During the crypto craze of 2021, I was astounded at the sheer amount of activity within Decentralized Finance.

Everyone and their mother wanted a cryptocurrency exchange, liquidity mining, staking, an NFT marketplace, and more.

Some examples of successful DEX platforms:

1. Uniswap
2. PancakeSwap
3. SushiSwap
4. ShibaSwap
5. ApeSwap

I jumped into the fray creating dApps on a per-contract basis.

One type of project my team and I worked on was Decentralized Exchanges, or DEX for short. The trustworthy and open-source Uniswap V2 Protocol proved to be excellent starter code.

In this article, we’ll focus mainly on understanding Uniswap V2’s Protocol at a high level.

The General Idea

Uniswap is an automated liquidity protocol powered by a deterministic algorithm, known as an automated market maker (AMM).

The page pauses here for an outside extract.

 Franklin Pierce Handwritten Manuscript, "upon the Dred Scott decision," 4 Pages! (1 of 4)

Uniswap’s AMM is based off of the “Constant Product Market Maker Model”, otherwise known as the “x * y = k Model”. For an in-depth look, check out the official specification.

The basic idea is that the price of asset pairs is the ratio set by the XYK model, instead of a traditional order book model.

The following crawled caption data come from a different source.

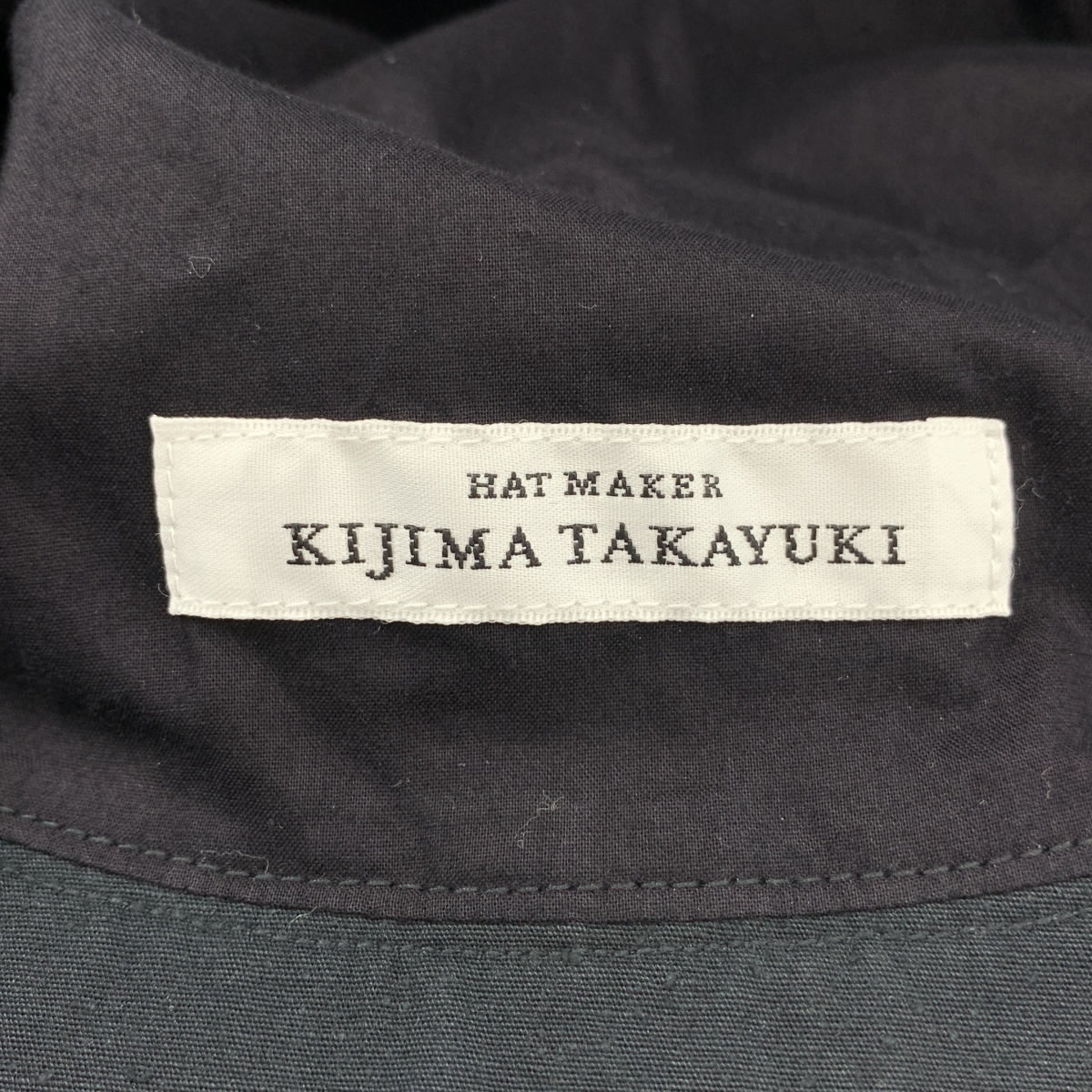 KIJIMA TAKAYUKI / キジマタカユキ COTTON SILK BUCKET HAT コットンシルク バケットハット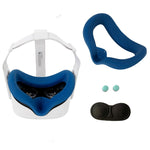 Bộ mặt nạ mắt silicone và nắp ống kính phù hợp cho Oculus Quest2 thế hệ JD-391215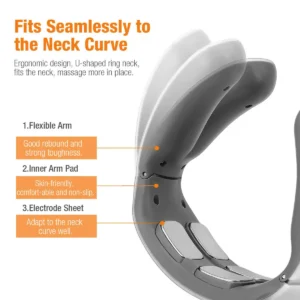 Electric Neck Shoulder Pulse Massager Kneading 4 Head TENS Magnetic Pulse Heating Cervical Vertebra Relax Pain Relief Massage - Image 4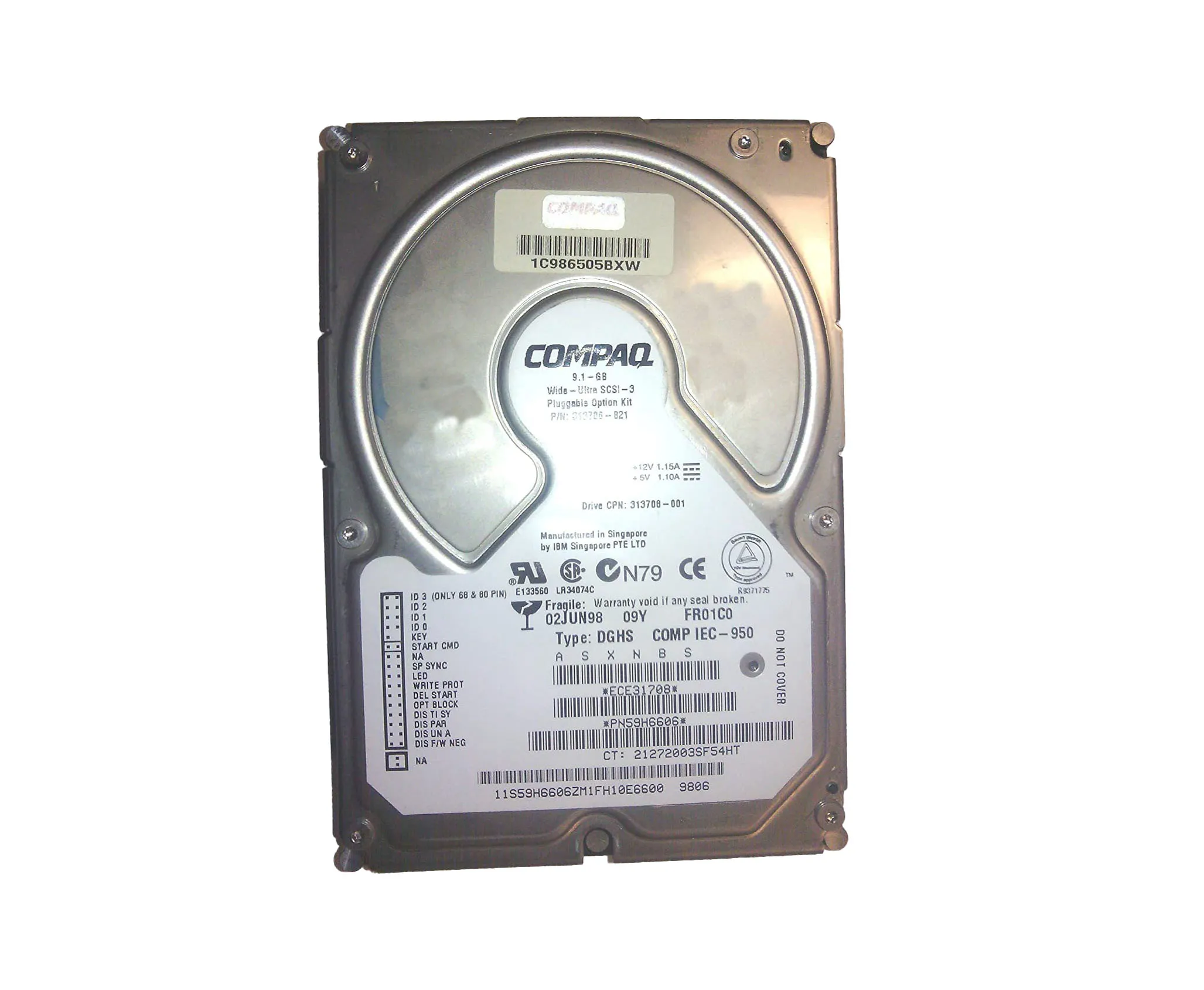 IEC-950 - IBM Ultrastar 18XP 18.2GB 7200RPM Ultra Wide SCSI 68-Pin 1M…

Let’s go through a simple example. A “liquidity pool” was created with 1000 ASSET1 (x) tokens, and 1000 ASSET2 (y) tokens. That would make k equal to 1,000,000. The initial price ratio between the tokens is 1:1.

It’s called the constant product formula for a reason- k remains constant.

The only way to “change” k would be to modify the liquidity pool. However, we can only add or remove tokens equal to the price ratio of 1:1 currently set by the pair. Therefore, if we wanted to add 10 ASSET1 tokens, we would also need to add 10 ASSET2 tokens.

Onto trading. In order to keep k constant, the supply of x (ASSET1) and y (ASSET2) can only move inverse to each other.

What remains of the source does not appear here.